Under the rumble of BART trains and across from the orange glow of Home Depot’s facade, The Red Onion sits like a time capsule from an era when burgers cost three bucks and nobody complained about paying for quality. 

The Richmond Burger Trail is an ongoing culinary quest by the Grandview Independent to find and celebrate the best burgers in Richmond and nearby neighborhoods.  

Each stop along the trail highlights a local institution while exploring the unique character of the neighborhoods they call home. Part food review, part community story, the Richmond Burger Trail is about more than just burgers: it’s a love letter to simple, satisfying meals and the people who make them, proving that sometimes the most authentic local flavor comes with a side of fries.

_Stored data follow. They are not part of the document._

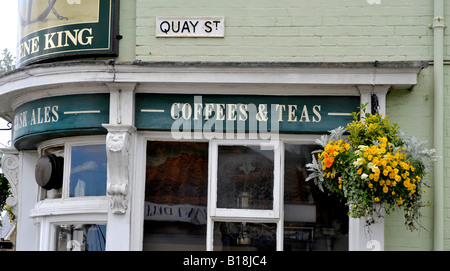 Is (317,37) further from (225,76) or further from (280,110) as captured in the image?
(225,76)

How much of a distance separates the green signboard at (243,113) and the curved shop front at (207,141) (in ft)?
0.03

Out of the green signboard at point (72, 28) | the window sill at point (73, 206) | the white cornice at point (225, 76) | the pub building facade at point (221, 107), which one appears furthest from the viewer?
the green signboard at point (72, 28)

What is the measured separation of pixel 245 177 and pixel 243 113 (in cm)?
66

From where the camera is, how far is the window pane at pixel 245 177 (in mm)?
7777

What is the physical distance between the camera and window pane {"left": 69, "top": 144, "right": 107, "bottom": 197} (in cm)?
818

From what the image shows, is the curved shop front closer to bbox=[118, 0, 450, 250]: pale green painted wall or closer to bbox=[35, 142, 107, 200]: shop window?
bbox=[35, 142, 107, 200]: shop window

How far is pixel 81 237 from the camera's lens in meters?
8.19

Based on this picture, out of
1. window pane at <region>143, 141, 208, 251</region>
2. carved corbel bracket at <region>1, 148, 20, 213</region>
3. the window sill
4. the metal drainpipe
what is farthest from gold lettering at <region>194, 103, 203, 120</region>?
carved corbel bracket at <region>1, 148, 20, 213</region>

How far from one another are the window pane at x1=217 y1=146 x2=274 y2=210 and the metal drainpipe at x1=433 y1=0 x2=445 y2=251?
163 cm

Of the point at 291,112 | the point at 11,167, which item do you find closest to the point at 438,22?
the point at 291,112

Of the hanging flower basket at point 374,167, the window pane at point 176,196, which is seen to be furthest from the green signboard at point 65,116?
the hanging flower basket at point 374,167

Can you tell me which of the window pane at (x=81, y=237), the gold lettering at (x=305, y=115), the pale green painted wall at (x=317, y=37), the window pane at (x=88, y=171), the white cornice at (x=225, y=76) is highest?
the pale green painted wall at (x=317, y=37)

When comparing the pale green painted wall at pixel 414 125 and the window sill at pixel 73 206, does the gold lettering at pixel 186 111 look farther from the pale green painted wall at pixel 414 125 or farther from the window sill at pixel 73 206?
the pale green painted wall at pixel 414 125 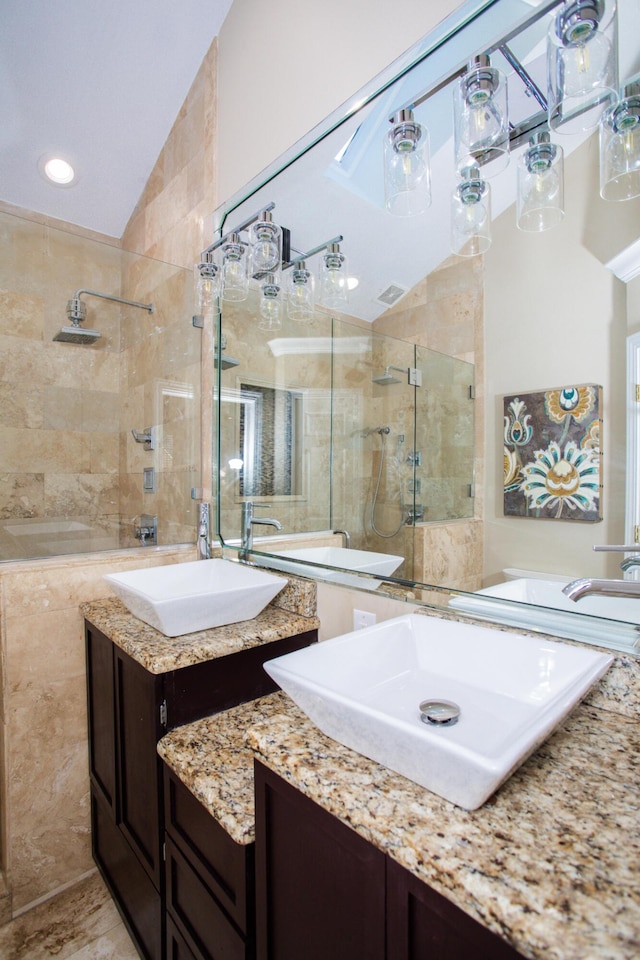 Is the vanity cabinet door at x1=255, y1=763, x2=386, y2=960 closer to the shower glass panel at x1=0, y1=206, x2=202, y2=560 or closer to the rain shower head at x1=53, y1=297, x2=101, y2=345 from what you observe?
the shower glass panel at x1=0, y1=206, x2=202, y2=560

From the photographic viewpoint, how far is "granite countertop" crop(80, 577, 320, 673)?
4.24 feet

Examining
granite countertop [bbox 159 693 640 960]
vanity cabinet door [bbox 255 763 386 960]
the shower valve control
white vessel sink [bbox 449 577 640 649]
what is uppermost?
the shower valve control

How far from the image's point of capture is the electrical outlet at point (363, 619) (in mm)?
1433

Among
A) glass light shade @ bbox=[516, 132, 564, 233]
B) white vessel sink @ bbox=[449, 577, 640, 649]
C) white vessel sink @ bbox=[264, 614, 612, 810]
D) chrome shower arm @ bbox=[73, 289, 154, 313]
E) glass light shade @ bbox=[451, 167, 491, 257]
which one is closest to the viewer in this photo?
white vessel sink @ bbox=[264, 614, 612, 810]

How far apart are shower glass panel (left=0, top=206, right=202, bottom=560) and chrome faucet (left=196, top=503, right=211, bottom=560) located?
0.08 meters

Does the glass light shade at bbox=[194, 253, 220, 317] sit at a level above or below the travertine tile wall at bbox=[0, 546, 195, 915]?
above

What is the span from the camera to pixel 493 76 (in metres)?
1.13

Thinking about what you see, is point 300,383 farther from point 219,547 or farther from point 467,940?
point 467,940

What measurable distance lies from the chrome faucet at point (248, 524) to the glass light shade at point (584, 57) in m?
1.56

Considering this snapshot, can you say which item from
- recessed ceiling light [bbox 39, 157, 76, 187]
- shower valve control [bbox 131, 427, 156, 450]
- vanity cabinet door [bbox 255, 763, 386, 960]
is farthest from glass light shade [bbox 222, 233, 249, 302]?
vanity cabinet door [bbox 255, 763, 386, 960]

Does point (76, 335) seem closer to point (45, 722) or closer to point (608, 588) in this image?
point (45, 722)

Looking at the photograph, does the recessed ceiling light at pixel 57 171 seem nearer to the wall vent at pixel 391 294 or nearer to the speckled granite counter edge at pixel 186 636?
the wall vent at pixel 391 294

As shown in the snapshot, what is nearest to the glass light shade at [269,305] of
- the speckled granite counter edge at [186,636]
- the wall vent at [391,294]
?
the wall vent at [391,294]

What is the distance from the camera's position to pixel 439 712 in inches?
35.2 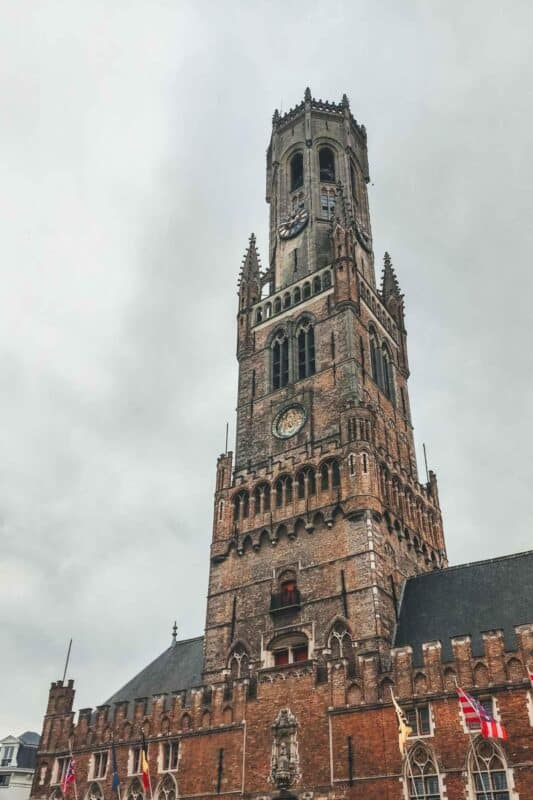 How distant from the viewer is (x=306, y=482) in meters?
41.2

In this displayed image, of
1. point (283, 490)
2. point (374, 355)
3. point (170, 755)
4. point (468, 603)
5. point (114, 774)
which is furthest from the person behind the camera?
point (374, 355)

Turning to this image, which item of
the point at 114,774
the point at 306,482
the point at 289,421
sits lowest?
the point at 114,774

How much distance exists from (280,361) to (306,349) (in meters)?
2.28

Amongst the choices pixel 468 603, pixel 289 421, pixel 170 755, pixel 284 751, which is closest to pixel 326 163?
pixel 289 421

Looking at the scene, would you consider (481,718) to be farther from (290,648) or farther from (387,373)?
(387,373)

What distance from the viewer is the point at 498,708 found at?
28078 mm

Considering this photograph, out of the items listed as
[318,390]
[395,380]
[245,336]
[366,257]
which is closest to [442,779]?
[318,390]

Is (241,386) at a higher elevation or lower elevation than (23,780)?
higher

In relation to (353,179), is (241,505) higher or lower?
lower

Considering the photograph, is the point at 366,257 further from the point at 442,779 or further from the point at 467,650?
the point at 442,779

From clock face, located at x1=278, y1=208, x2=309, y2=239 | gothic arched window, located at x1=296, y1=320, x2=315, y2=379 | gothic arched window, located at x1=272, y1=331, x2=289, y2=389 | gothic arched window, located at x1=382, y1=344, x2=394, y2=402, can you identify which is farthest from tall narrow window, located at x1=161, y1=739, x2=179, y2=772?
clock face, located at x1=278, y1=208, x2=309, y2=239

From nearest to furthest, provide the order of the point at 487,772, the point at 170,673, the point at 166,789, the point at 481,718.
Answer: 1. the point at 481,718
2. the point at 487,772
3. the point at 166,789
4. the point at 170,673

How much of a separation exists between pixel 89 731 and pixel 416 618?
64.1 ft

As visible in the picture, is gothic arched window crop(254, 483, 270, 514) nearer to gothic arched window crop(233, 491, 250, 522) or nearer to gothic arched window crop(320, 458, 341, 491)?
gothic arched window crop(233, 491, 250, 522) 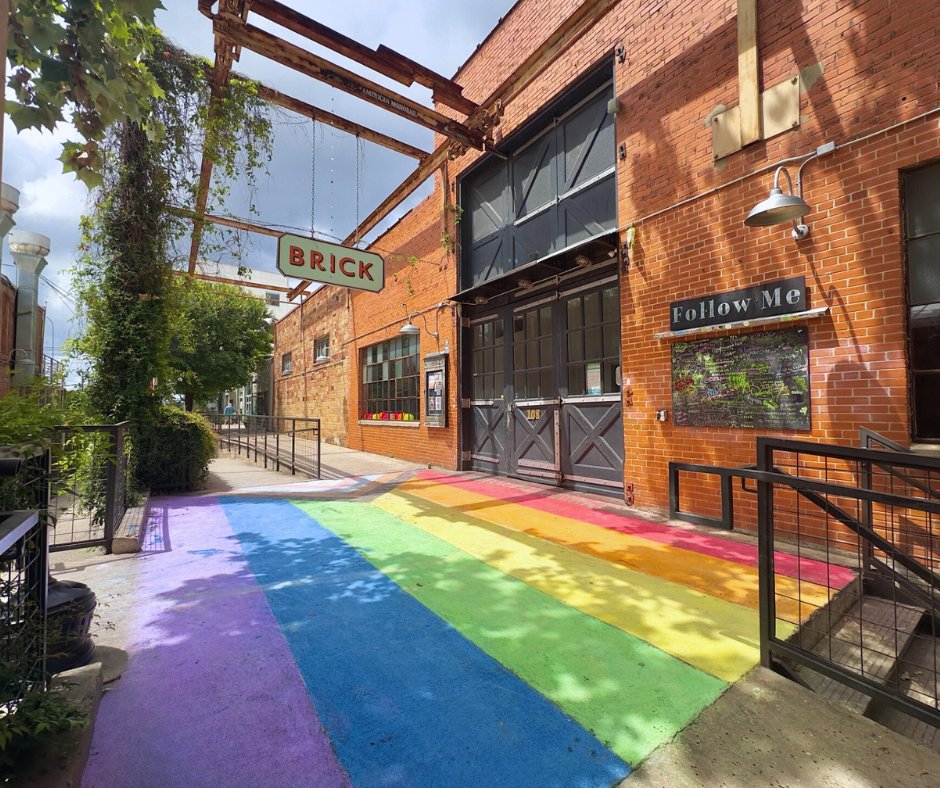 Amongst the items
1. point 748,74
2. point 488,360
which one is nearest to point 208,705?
point 748,74

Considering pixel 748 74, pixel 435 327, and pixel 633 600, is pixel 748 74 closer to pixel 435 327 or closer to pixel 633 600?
pixel 633 600

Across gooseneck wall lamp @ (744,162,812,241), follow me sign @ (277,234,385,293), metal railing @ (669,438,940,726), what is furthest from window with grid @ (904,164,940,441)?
follow me sign @ (277,234,385,293)

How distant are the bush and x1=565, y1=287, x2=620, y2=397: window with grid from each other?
5.63 m

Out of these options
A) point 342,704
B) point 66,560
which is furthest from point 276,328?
point 342,704

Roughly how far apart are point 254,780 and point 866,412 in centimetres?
472

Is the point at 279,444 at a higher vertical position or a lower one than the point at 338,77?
lower

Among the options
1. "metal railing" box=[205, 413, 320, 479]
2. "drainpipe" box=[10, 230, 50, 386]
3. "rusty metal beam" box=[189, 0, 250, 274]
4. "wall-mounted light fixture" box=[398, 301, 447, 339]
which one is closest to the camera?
"rusty metal beam" box=[189, 0, 250, 274]

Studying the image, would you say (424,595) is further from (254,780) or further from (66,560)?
(66,560)

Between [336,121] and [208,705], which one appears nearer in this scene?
[208,705]

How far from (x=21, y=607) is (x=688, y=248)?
5.80 metres

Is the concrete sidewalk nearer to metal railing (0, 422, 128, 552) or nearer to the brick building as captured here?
metal railing (0, 422, 128, 552)

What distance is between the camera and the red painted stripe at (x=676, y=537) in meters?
3.52

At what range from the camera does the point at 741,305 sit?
14.9 feet

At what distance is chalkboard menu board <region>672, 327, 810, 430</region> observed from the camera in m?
4.18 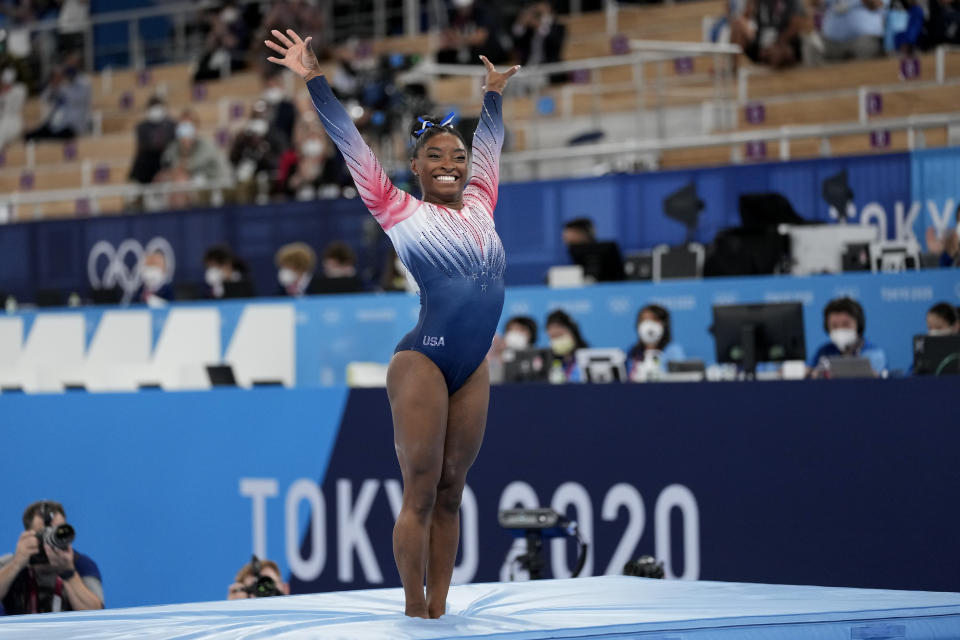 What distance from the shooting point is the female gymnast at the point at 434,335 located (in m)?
4.29

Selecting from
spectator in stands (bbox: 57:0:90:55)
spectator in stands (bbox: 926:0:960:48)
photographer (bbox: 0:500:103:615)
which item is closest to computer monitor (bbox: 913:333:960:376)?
photographer (bbox: 0:500:103:615)

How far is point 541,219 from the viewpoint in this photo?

The Red Onion’s cheeseburgers and fries may not have been the most photogenic after the trip to Grandview headquarters, but the flavor more than made up for it.

This neighborhood institution occupies the sweet spot between Home Depot’s industrial orange glow and the friendly neighborhood cannabis dispensary, because nothing says modern California quite like picking up mulch, a burger, and an eighth all on the same block.

Our quest for a decent burger began, as all great culinary adventures do, with someone complaining on the internet. “Where can you get a great burger around here?” they pleaded into the digital void. 

But buried in online chatter like a golden french fry at the bottom of the bag was the real recommendation: The Red Onion.

Walking into this place is like being transported to 1973, when gas was fifty cents a gallon and nobody had heard of kale. The building screams Americana so loudly that you half expect a bald eagle to perch on the red shingled roof. 

Inside, the grillmaster is multitasking, taking orders while packing up burgers and fries. I can take your order, she says. Then you watch your burger being born on the griddle, which is either reassuring or terrifying, depending on your relationship with food preparation transparency.

Our three burgers come to life on the Red Onion grill.

The ordering process is refreshingly straightforward: no grass-fed versus grain-fed debates, no artisanal bun selections, no server asking if you’ve “dined with us before.” You want a burger? They make burgers.

We ordered three burgers and three orders of fries. The damage: $53. Cue the inevitable “prices have gone up” lament, as if inflation was invented specifically to ruin our burger experiences. But here’s the thing about complaining about burger prices in 2025: you either pay for quality or you eat disappointment wrapped in paper. Choose wisely.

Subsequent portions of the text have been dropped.